Example 1: Create a SEER*Stat Database using NAACCR Format

SEER*Stat requires case and population data to calculate age-adjusted incidence or mortality rates. Therefore, you must supply two types of files: incidence or mortality data files and population data files. These files must meet the requirements listed on Input File Formats.

This example assumes that you have a November 2022 SEER (or NPCR or NAACCR) submission file in XML format for the state of Idaho which includes 2000-2021 data. You will use this data to create a SEER*Stat database to calculate rates by 19 age groups (< 1, 1-4, 5-9, …, 80-84, 85+), race (White, Black, American Indian/Alaska Native, Asian/Pacific Islander), and Hispanic Origin at the county level.

Step 1: Get Detailed Descriptions of the Case and Population Input Files

Start SEER*Prep.
Open the Database Description (DD) file. Select Open from the File menu to select the NAACCR version 22 Database Description file distributed with the software. The file name is "naaccr22.countypops.csv.d11302022.dd" or something similar (if an update is released, the date in the filename will differ).
When you select the DD file, SEER*Prep will load information for each variable into the box on the right side of the window. The list will be sorted by the CSV Column ID (for defined NAACCR fields, this is the naaccrXmlID) in the incidence data file. Click the Pop Start Col column header to sort by the variable location in the population data file (case-only variables will have a blank entry in this column).
Set the variables used When Linking to Populations.

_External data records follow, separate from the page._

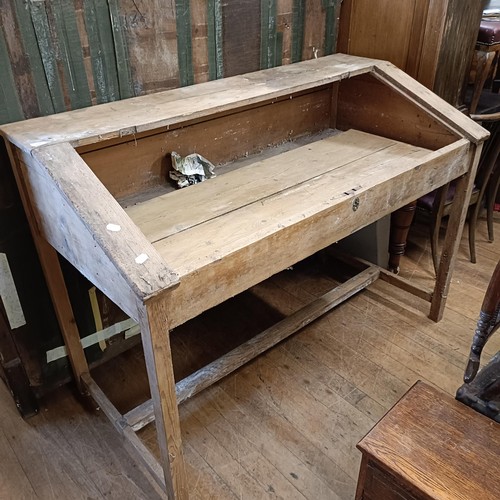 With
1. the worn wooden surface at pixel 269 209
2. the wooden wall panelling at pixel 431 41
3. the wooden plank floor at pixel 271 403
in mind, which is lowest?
the wooden plank floor at pixel 271 403

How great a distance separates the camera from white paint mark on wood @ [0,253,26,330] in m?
1.60

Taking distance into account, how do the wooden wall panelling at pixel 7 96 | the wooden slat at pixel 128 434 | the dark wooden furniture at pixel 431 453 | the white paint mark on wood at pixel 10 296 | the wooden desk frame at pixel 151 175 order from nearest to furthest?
the dark wooden furniture at pixel 431 453 < the wooden desk frame at pixel 151 175 < the wooden wall panelling at pixel 7 96 < the wooden slat at pixel 128 434 < the white paint mark on wood at pixel 10 296

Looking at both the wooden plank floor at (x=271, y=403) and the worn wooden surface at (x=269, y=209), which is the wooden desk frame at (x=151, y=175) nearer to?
the worn wooden surface at (x=269, y=209)

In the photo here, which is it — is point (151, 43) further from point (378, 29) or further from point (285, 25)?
point (378, 29)

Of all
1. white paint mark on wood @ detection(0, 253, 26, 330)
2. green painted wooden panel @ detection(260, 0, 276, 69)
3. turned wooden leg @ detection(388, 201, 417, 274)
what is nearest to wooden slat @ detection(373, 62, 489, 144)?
green painted wooden panel @ detection(260, 0, 276, 69)

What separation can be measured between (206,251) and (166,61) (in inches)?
28.8

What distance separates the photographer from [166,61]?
164 cm

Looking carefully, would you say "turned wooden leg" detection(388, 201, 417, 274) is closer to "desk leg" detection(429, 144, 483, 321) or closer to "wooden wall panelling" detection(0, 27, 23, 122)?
"desk leg" detection(429, 144, 483, 321)

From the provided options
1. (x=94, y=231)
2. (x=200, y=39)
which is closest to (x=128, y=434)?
(x=94, y=231)

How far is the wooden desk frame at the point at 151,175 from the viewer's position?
1.11 m

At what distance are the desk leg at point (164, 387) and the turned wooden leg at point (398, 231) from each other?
4.94 ft

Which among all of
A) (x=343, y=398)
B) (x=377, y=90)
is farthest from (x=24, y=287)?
(x=377, y=90)

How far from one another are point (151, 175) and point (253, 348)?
73 cm

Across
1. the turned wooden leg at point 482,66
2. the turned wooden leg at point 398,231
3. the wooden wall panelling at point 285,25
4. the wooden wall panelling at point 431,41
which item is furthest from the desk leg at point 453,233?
the wooden wall panelling at point 285,25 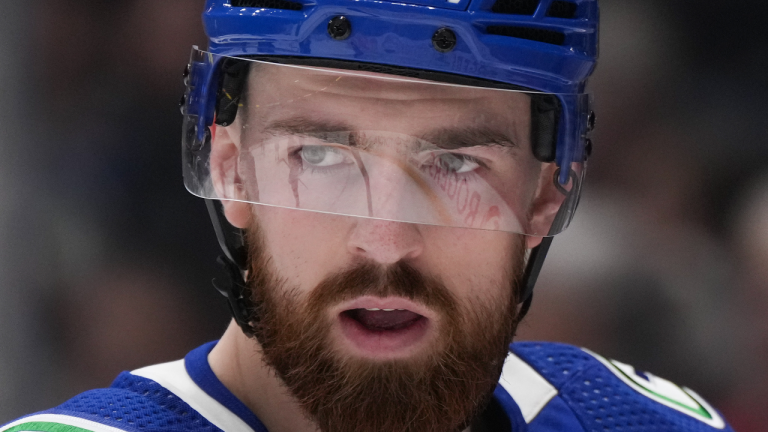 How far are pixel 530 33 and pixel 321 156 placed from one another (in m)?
0.42

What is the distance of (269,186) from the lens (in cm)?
139

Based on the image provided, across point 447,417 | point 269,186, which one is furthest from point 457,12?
point 447,417

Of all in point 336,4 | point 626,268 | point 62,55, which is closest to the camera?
point 336,4

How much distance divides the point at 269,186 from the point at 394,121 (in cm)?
24

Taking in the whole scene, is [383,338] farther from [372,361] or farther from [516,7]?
[516,7]

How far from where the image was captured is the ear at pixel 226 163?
145 centimetres

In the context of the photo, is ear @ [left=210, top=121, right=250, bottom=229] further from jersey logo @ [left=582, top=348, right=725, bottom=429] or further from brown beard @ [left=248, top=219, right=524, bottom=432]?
jersey logo @ [left=582, top=348, right=725, bottom=429]

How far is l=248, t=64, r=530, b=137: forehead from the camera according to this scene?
1.33 metres

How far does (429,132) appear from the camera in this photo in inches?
52.8

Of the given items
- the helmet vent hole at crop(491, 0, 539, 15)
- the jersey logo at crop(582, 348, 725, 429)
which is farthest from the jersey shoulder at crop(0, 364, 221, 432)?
the jersey logo at crop(582, 348, 725, 429)

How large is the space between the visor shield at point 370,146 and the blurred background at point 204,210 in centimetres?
78

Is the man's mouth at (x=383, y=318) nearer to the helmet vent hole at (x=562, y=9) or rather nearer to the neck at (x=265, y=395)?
the neck at (x=265, y=395)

Since this example assumes your data are for 19 age groups, the age variable should be "Age recode with < 1 year olds."
Since this example assumes your data are for 4 races (White, Black, American Indian/Alaska Native, Asian/Pacific Islander), and Hispanic Origin, the race variable should be changed to "Race recode (W, B, AI, API) / Origin recode NHIA (Hispanic, Non-Hisp)".

Select a variable and open the Edit Variable window by double-clicking or using the Edit button. The Edit window contains a description of the variable including its valid values.

Edit the " Race recode (W, B, AI, API)" variable to view an example. Note this field is “Derived” from another field (Race 1) in the incidence data, so there is not a CSV Column ID.

Select Generate Input File Description from the File menu to create a text file containing detailed format information for the case and population files.

Step 2: Prepare your Incidence Data Files

Using software other than SEER*Prep, create an incidence data file according to the NAACCR version 22 CSV file format specified in the documentation created in Step 1.

The name of the file and the variable formats must adhere to the rules described in Input File Formats.
You may store the data in more than one file. SEER*Prep will process the data files sequentially and combine the data into one SEER*Stat database.
If using more than one CSV file, all CSV files must have the same columns/order of fields in the file (i.e., the header rows must match).

For this exercise, download the SAS code provided in the SEER*Prep Utilities. To use the SAS program, also download and unzip the naaccr-xml-utility-9.0+.
Modify the SAS code, updating all lines that have “NEED TO CHANGE THIS” comments. The only required changes are file paths, input file names, and the line that limits cases to your catchment area.
Review Section B of the SAS code that performs the following:
- Creates a state-county FIPS code variable that is used by SEER*Prep to create several fields, including labeled State-county and PRCDA 2020.
- Changes behavior from in situ (2) to malignant (3) for urinary bladder cases. This is typically done by SEER, NPCR, and NAACCR and is required to match statistics generated by these groups.
- Modifies the Race 1 variable used to create derived race recode fields in SEER*Prep. These changes are consistent with SEER, NPCR, and NAACCR practices. The original Race 1 variable is preserved in a new field (Race 1 original).
- Creates a “publicReleaseFlag” field. This field can be used to exclude some cases in SEER*Stat by default using the “Cases in Research Database” checkbox. The SAS is setup to set this flag to 1 (in Research data) for 2000-2020 diagnoses for patients with sex = 1 or 2 (male or female). You can use any logic you would like to create the flag but be consistent when creating your population file. In this example, 2021 diagnoses and patients with sex other than male or female will be excluded by default, but the cases can be included by unchecking the standard selection in SEER*Stat.
- Creates a breast subtype field. This is included as an example to show how to add fields not pre-defined in the provided DD file.
The SAS code will split the output CSV files if the input data has more than 300,000 records. SEER*Prep and SEER*Stat work better with individual files of 300,000 or fewer records. You do not need to modify the SAS code for this scenario. In this example, only one file will be created as the Idaho submission has < 300,000 records, but for some registries there could be several files created. When adding the CSV files to SEER*Prep, they should be added in order of the # appended to the state abbreviation in the file names.
Execute the SAS code and confirm that one or more CSV files were created in the folder you specified in the SAS code.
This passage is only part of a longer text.